Bertempurlah dengan (Minimal) Amunisi yang Sama

Pagi ini saya kembali menulis karena memang sedang terusik oleh suatu hal. Tiba-tiba saya mendapat kabar bahwa salah satu teman yang pernah saya tulis kehidupannya di blog, jadi sorotan negatif. Intinya, karena tulisan saya terdahulu (tahun  2012) 'seolah-olah'membuka aibnya dan dijadikan senjata oleh orang yang tidak menyukainya.
Oke.

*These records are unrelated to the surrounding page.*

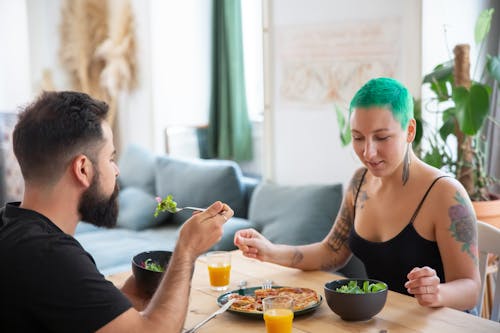 Free A Couple Eating Together Stock Photo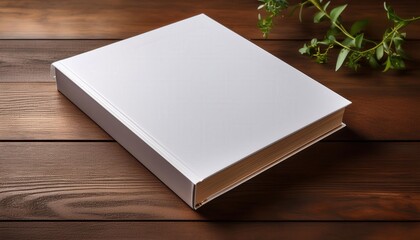 Fototapeta premium A hardcover book mockup on a wooden table featuring a minimalist cover design placeholder—perfect for showcasing book covers, branding, or editorial design concepts with a clean aesthetic. 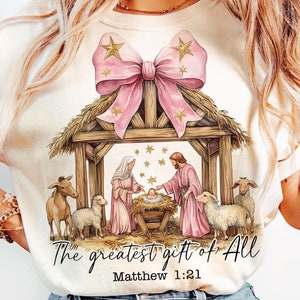 The Greatest Gift of All text design with a nativity scene illustration and pink bow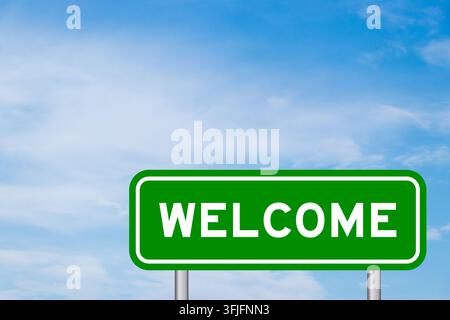 Green color transportation sign with word welcome on blue sky with white cloud background Stock Photo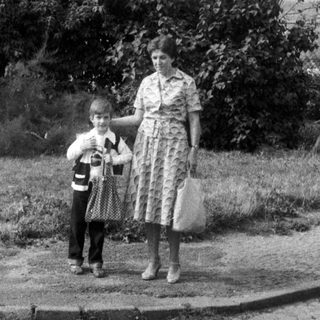 Black and white photo of a woman and child standing outside.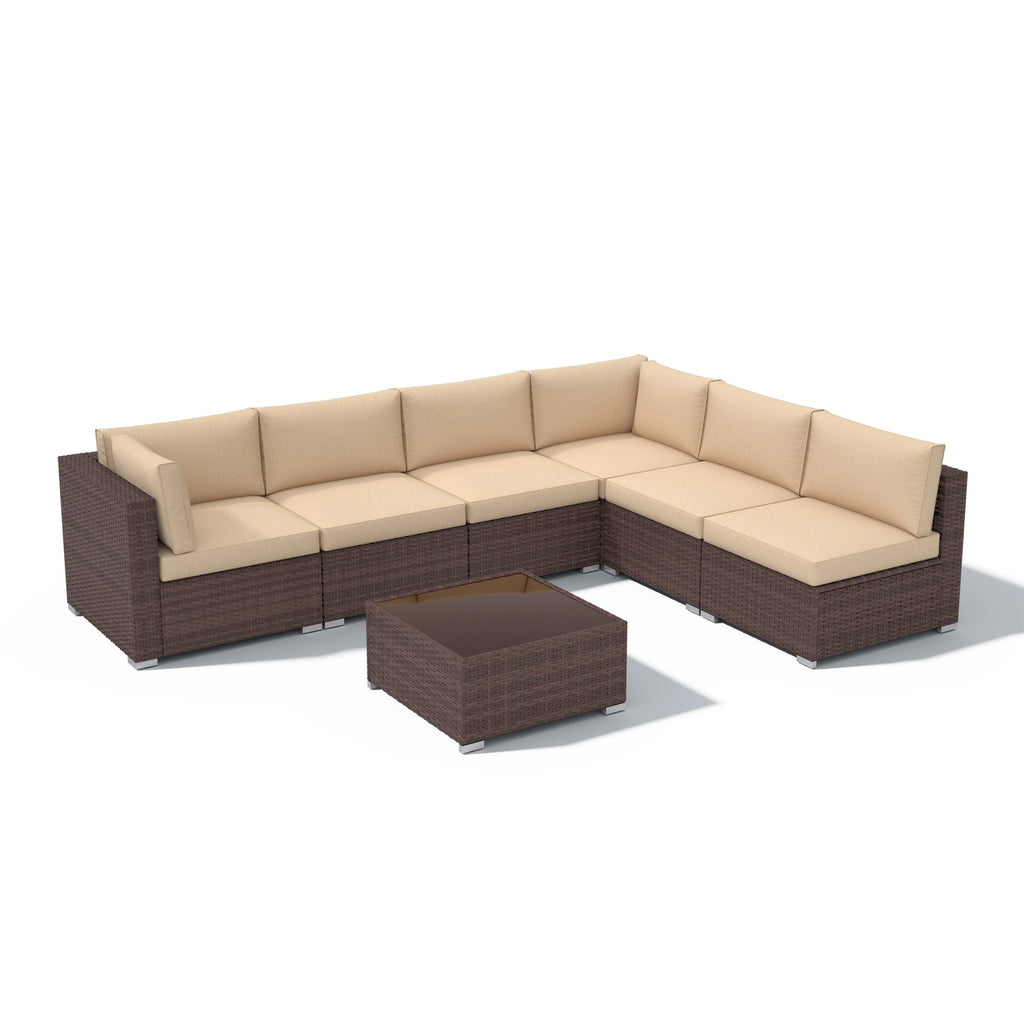 7-delige outdoor loungeset van vlechtwerk en staal met kussens
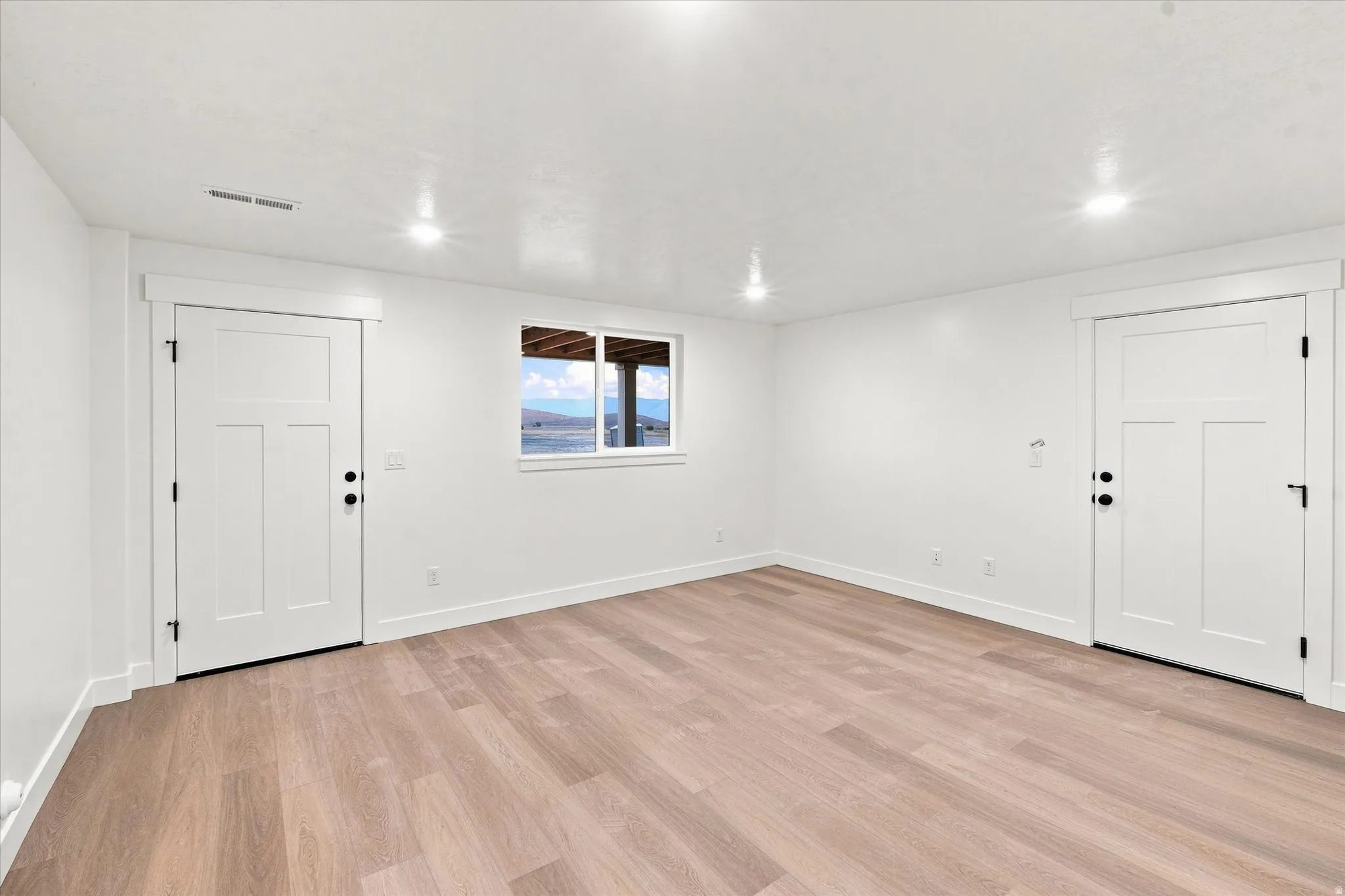 Light wood-finish flooring, recessed lighting, white trim, and a window offering a distant landscape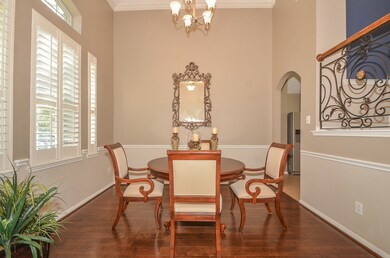 Tall ceilings and plantation shutters are an excellent accent to this formal dining room.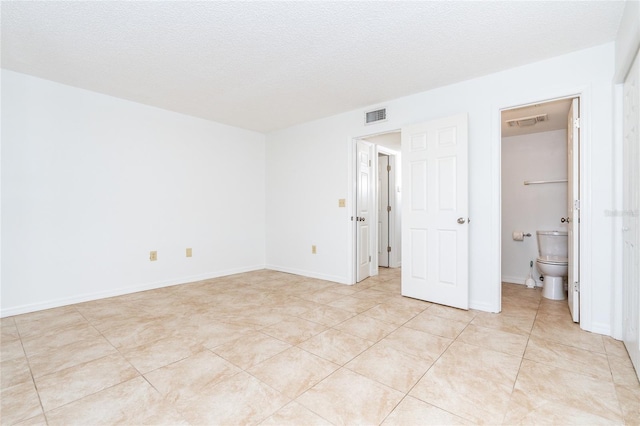 unfurnished bedroom featuring ensuite bathroom, a textured ceiling, and light tile patterned floors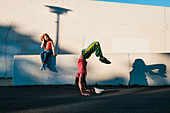 Young woman watching man do handstand along urban wall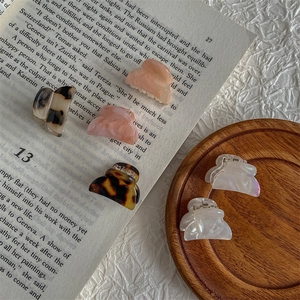 Mini acetate hair claws in tortoise shell and pink marble patterns on a wooden tray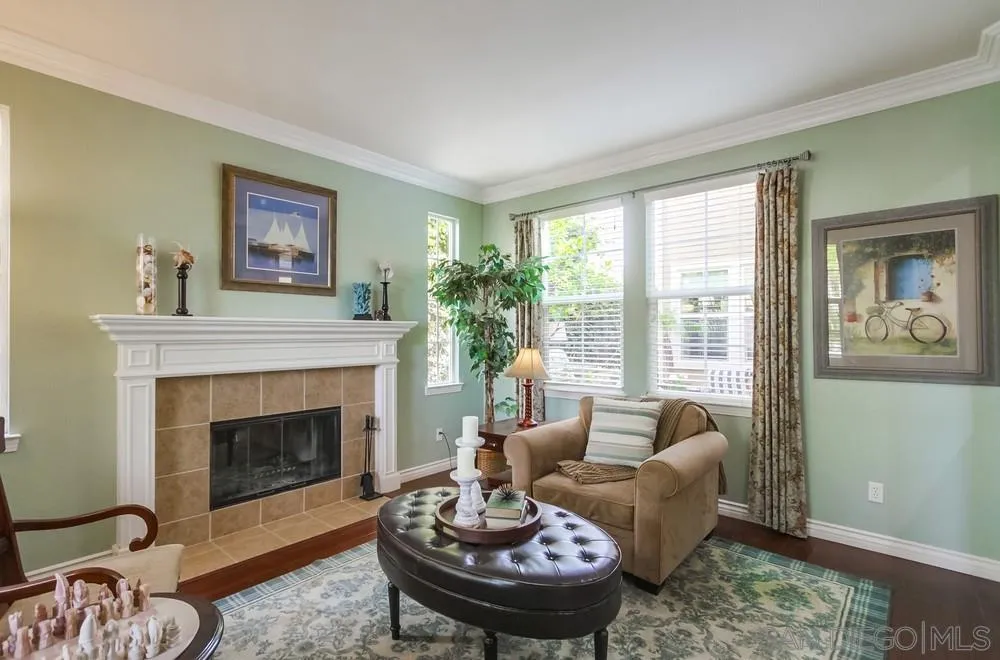 2665 Paradise Road Carlsbad, CA 92009 - Photo 3 of 52 a living room with furniture and a fireplace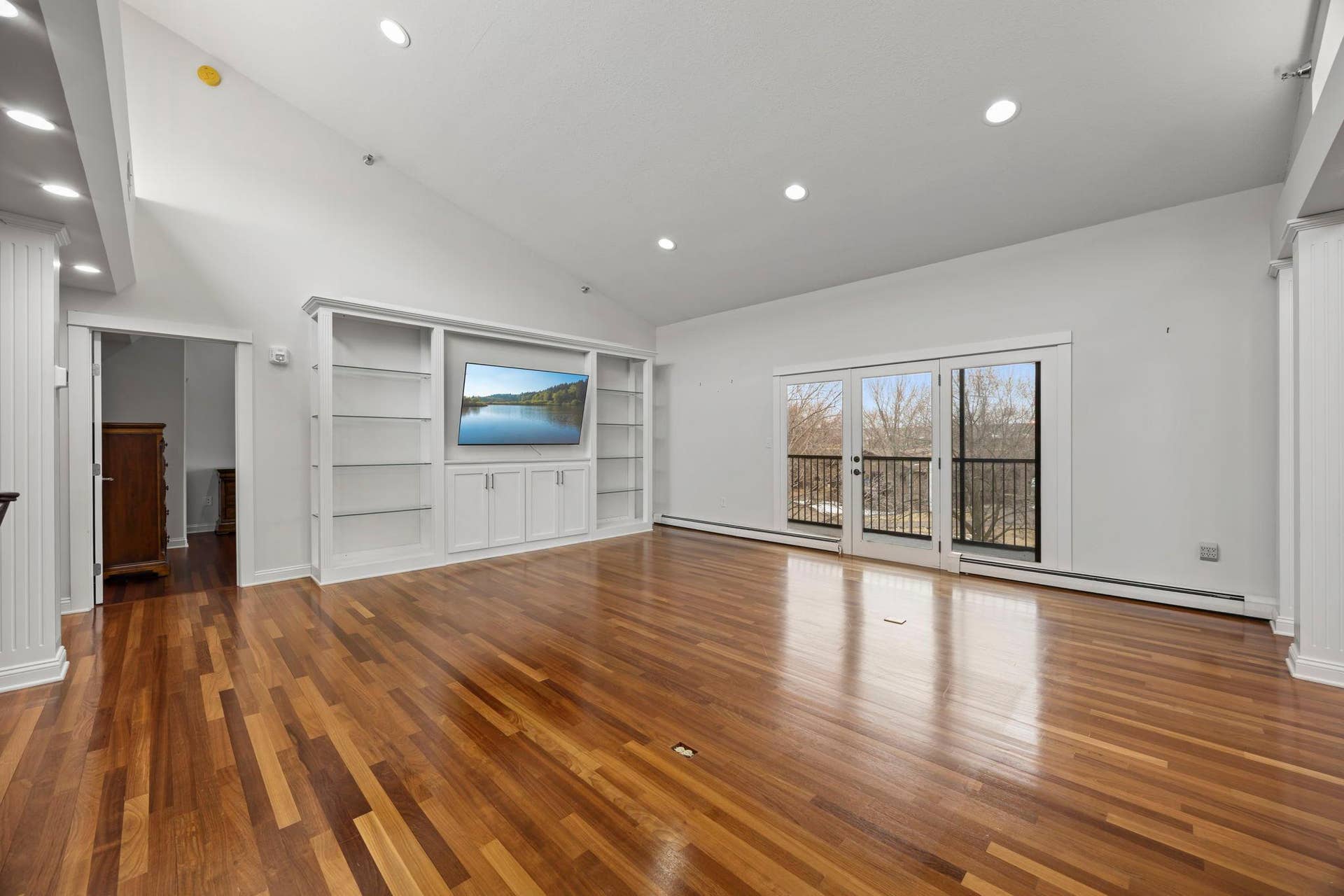 3150 Glen Oaks Avenue, #311A, White Bear Lake, MN 55110 The living room features hardwood floors, a full wall of built ins and is open to the kitchen, dining room and screened in porch.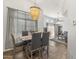 Dining room with a decorative chandelier and large window at 11333 N 92Nd St # 2049, Scottsdale, AZ 85260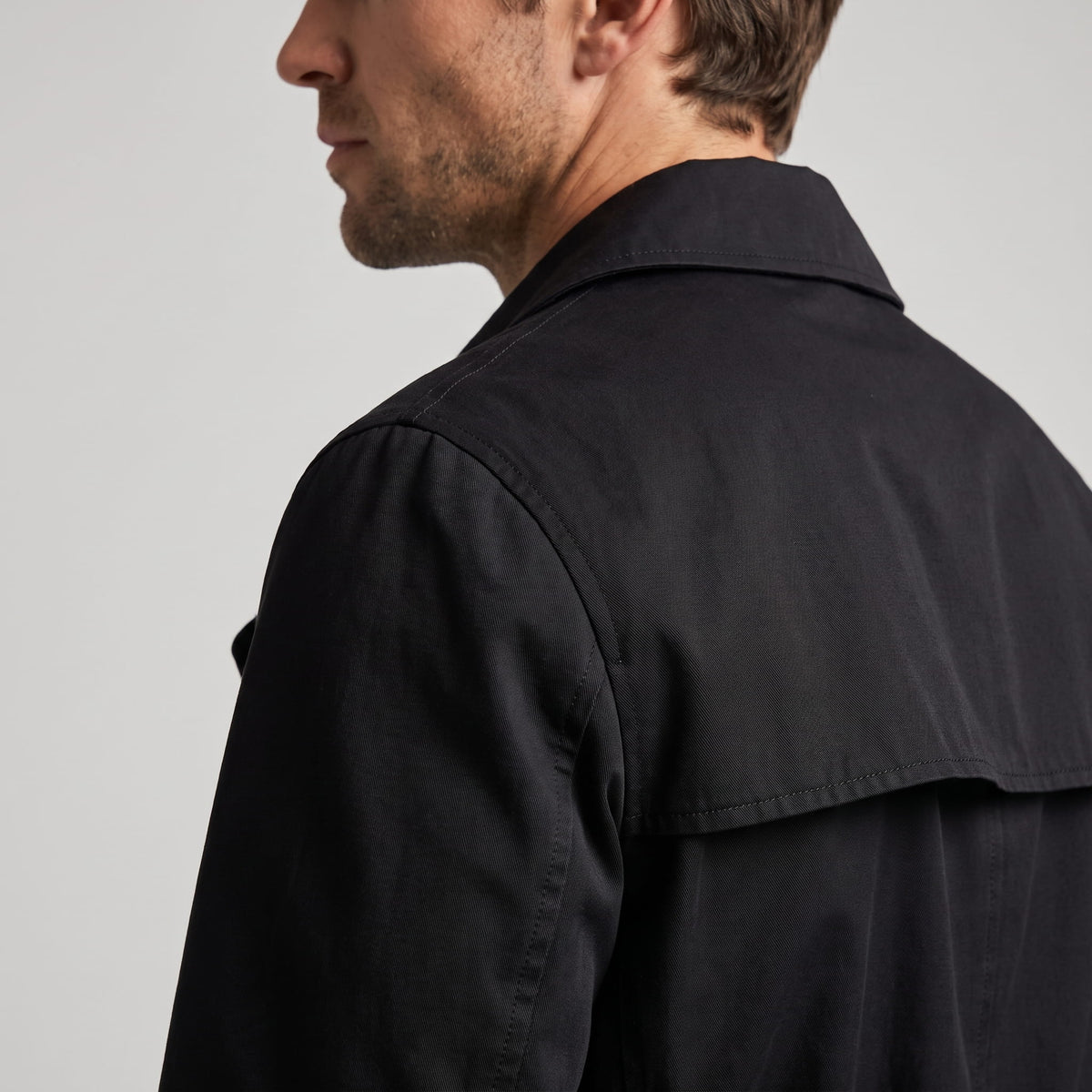 Close-up of black trench coat storm flap and shoulder from behind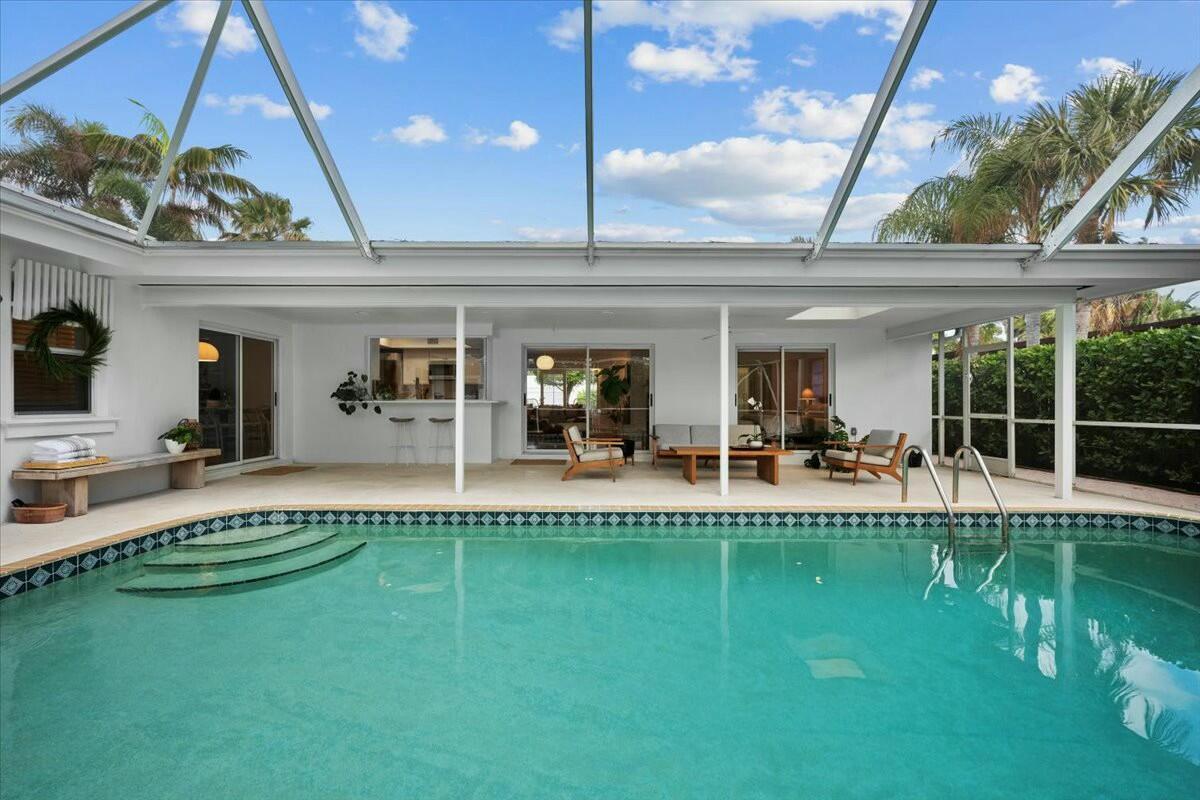 232 Cove Place Jupiter, FL 33469 - Photo 54 of 67 a view of a swimming pool with a patio and a yard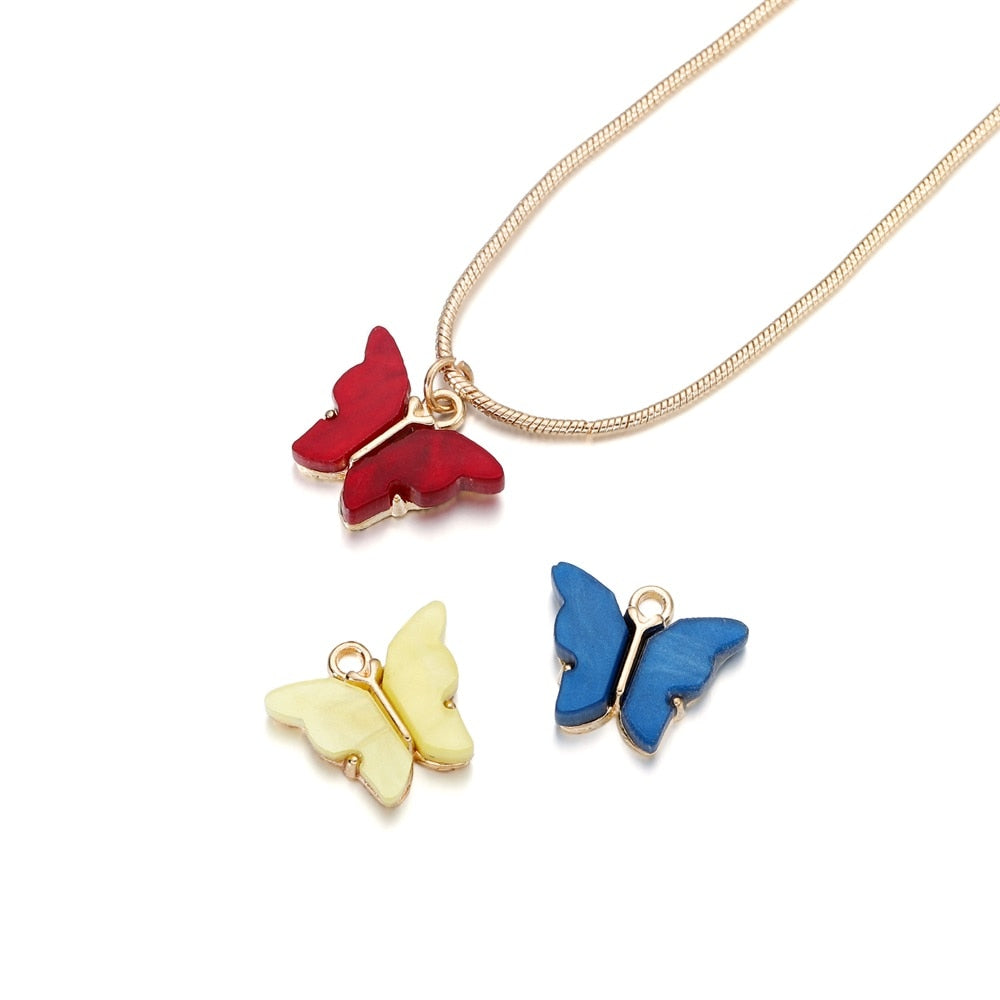 Pendentif papillon en résine colorée, 10 pièces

Saya akui kebanyakan tulisan saya lebih bersifat subjektif. Hal ini dikarenakan banyak sekali teman yang curhat dan kisahnya siap untuk dipublikasikan. Saya menyamarkan nama tokoh juga karena permintaan. Selama yang saya tulis berbentuk hiburan, motivasi, dan kejujuran, biasanya saya tidak pernah pakai inisial atau alias. Saya modelnya terbuka dan terkesan ekstrovert.
Begini, kisah tulisan saya sudah terjadi 8 tahun lalu dan seharusnya tidak perlu diungkit kembali karena kehidupan manusia terus bermutasi, bahkan bisa jadi banyak yang beresolusi dan sudah tidak sama lagi dengan kemarin. Memang, tulisan itu abadi. Seberapa lama rentang waktu, tulisan itu adalah bukti sejarah tak terbantah. Nah, tugas kita sebagai manusia yang sudah melewati banyak hal, ada baiknya bisa melihat sebuah kisah sejarah dari perspektif lain.  Bisa dijadikan pelajaran, peringatan, atau bahkan tetap dijadikan hiburan. Baper tentu saja boleh. Tapi kalau diulas hanya untuk saling menyakiti, sepertinya juga kurang bermanfaat baik dari segi fisik maupun kejiwaan. Telaahlah dengan baik.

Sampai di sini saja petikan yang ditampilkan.